A surprisingly super start to this season quickly started to slip away and Keane’s honeymoon period is now well and truly over. All of a sudden he is beginning to lose the faith of the crowd. The fans have turned too on chief executive Simon Clegg (‘lack of football knowledge’) and saviour but faceless owner Marcus Evans (‘only wanted a big name to market his brand name’). However both have stood by their manager and at the recent PLC AGM Clegg stated “We all know that Roy is a very driven individual, a very focused individual not used to accepting failure and if there’s anyone who can turn it around, Roy Keane can.” At least one Ipswich tradition survives – giving a manager time.

Aspects of Keane’s management methods are now being questioned – ruling by fear has been a theory – but not backed up with much evidence, although ex-player Jon Walters dished the dirt after he left, talking about players ‘walking on eggshells’. Poor signings have been prevalent, most notably the ineffective Lee Martin signed for over £1 million and on a four year contract. (He is currently on loan at Charlton).

Keane’s tactics, substitutions, motivational skills and over reliance on loan signings have been brought into real question and the local newspapers’ and fans’ forums have been rife with the growing calls of ‘Keane out’. The poor quality of football and lack of goals have peeved them most and attendances are dipping fast. The feat of reaching the Carling Cup semi-final has largely been ignored, almost like a sort of side-show achieved by some other local team!

However, Keane has not only been resolute but totally honest in the assessment of his underperforming team’s efforts – despite claiming when he arrived, it would be promotion in two years. Wearingly, the same excuses are trotted out. Admittedly there have been injuries to key players and with a small squad Keane has been forced to give chances to promising young players who have come through the youth team. There have been plusses from this. For instance, seventeen year old Connor Wickham has been talked about as a £10 million target for the big clubs.

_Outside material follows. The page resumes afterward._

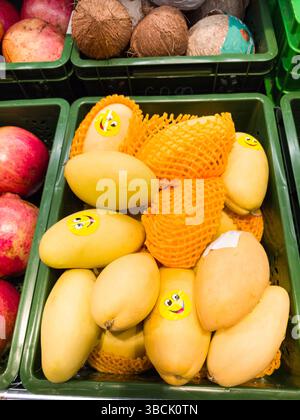Les mangues jaune vif avec des autocollants souriants joyeux sont empilées ensemble dans un panier de marché vert, entouré d'autres fruits frais comme les pommes et co Banque D'Images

On the down side Keane has also criticised the supporters for not having enough footballing knowledge, after they began to show their feelings during a dire 3-1 home defeat against Barnsley. This has not gone down well and led to the fans really turning against him. In the league, the team are on a long losing run – the defence gifting goals, the attack profligate. Confidence is low. The heavy defeat at local rivals Norwich late November was possibly the final straw.

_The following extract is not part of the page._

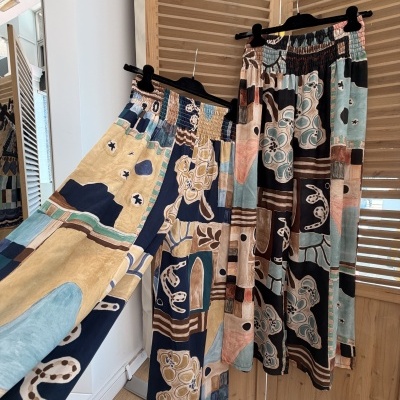 Calças compridas largas com padrão abstrato colorido penduradas em cabides pretos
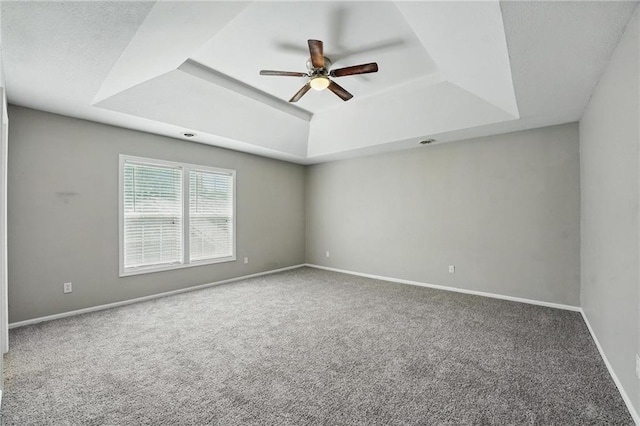 3945 SW Batten Dr, Lees Summit, MO 64082 - carpeted empty room featuring a tray ceiling, a ceiling fan, and baseboards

Was Keane’s success at Sunderland just a fluke? Is he so single-minded he fails to learn from mistakes or listen to advice? Is it just that Ipswich isn’t the club for him and a variety of things including lady luck have conspired against him? Whatever happens, Keane has rarely been out of the news with the media picking up on any controversial remark. Maybe this has given the owner the publicity he wanted but so far without the essential money gained from promotion to the Premier League. The owner is a shrewd businessman and wants to make money, not massage his own ego.

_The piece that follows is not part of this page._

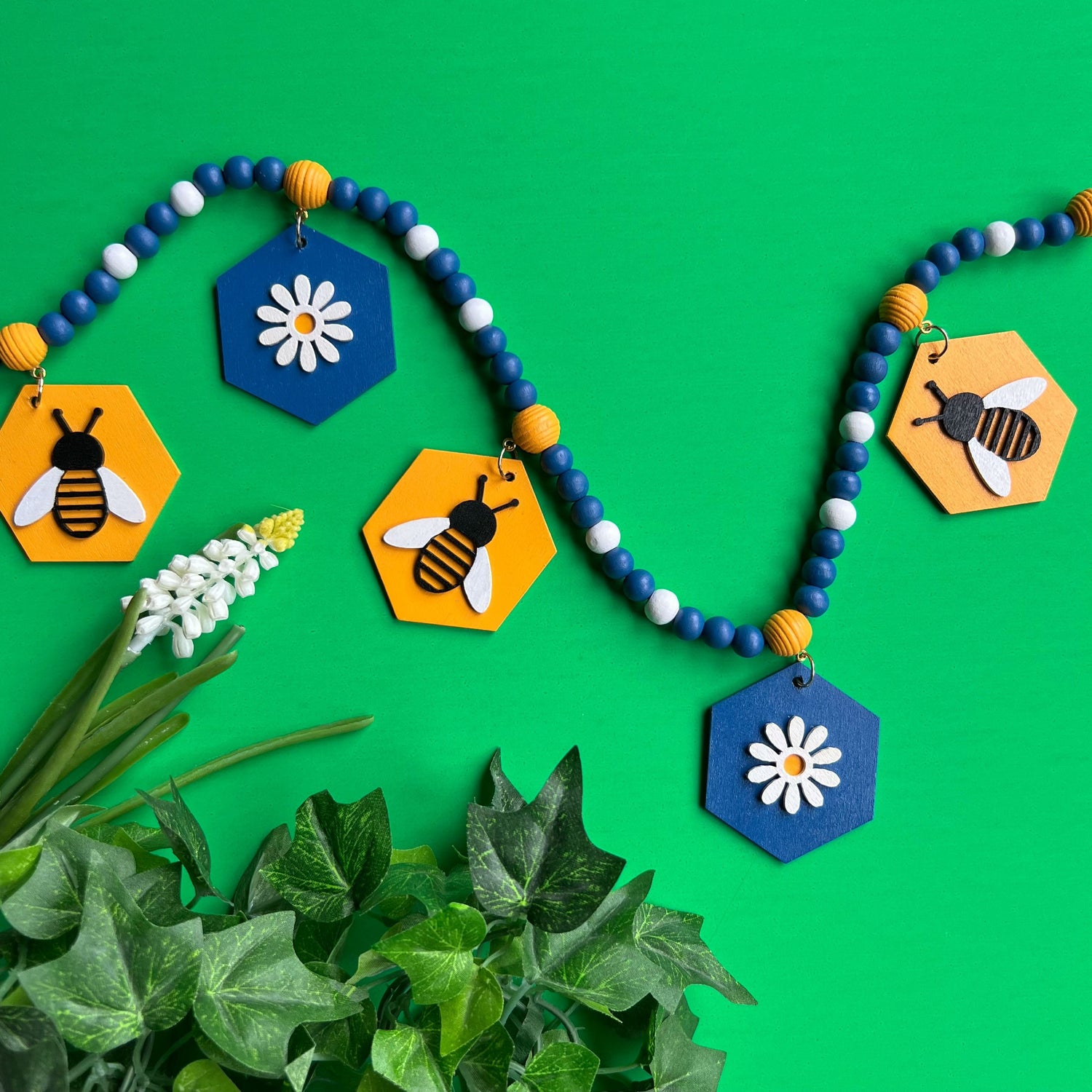Image of a small wood bead garland with circle elements that hang from square beads. These circles feature a cloud, flower, owl, toadstool, or bird. Garland is placed on a faux grass background.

Now it seems Keane’s days may well be numbered. He walked from Sunderland when things got too much. Many think pride will kick in and he won’t see out his two year contract if there isn’t a big improvement in the club’s fortunes – even if Evans doesn’t give out the P45. Nevertheless failure is alien to him, but in his post match interview after the defeat at bottom of the table Preston recently, he had the demeanour of a man on his way to the gallows. He followed this by saying, “I’ve been very lucky. I have another life outside football. My life won’t crumble on Saturday night if I lose my job. I’ve got a great life, best life ever.” Keane has amassed a huge fortune and maybe he might just want to walk his dogs full-time. Or maybe not? Some might bet on him turning things around – no matter how impossible it looks? Just a very small wager though!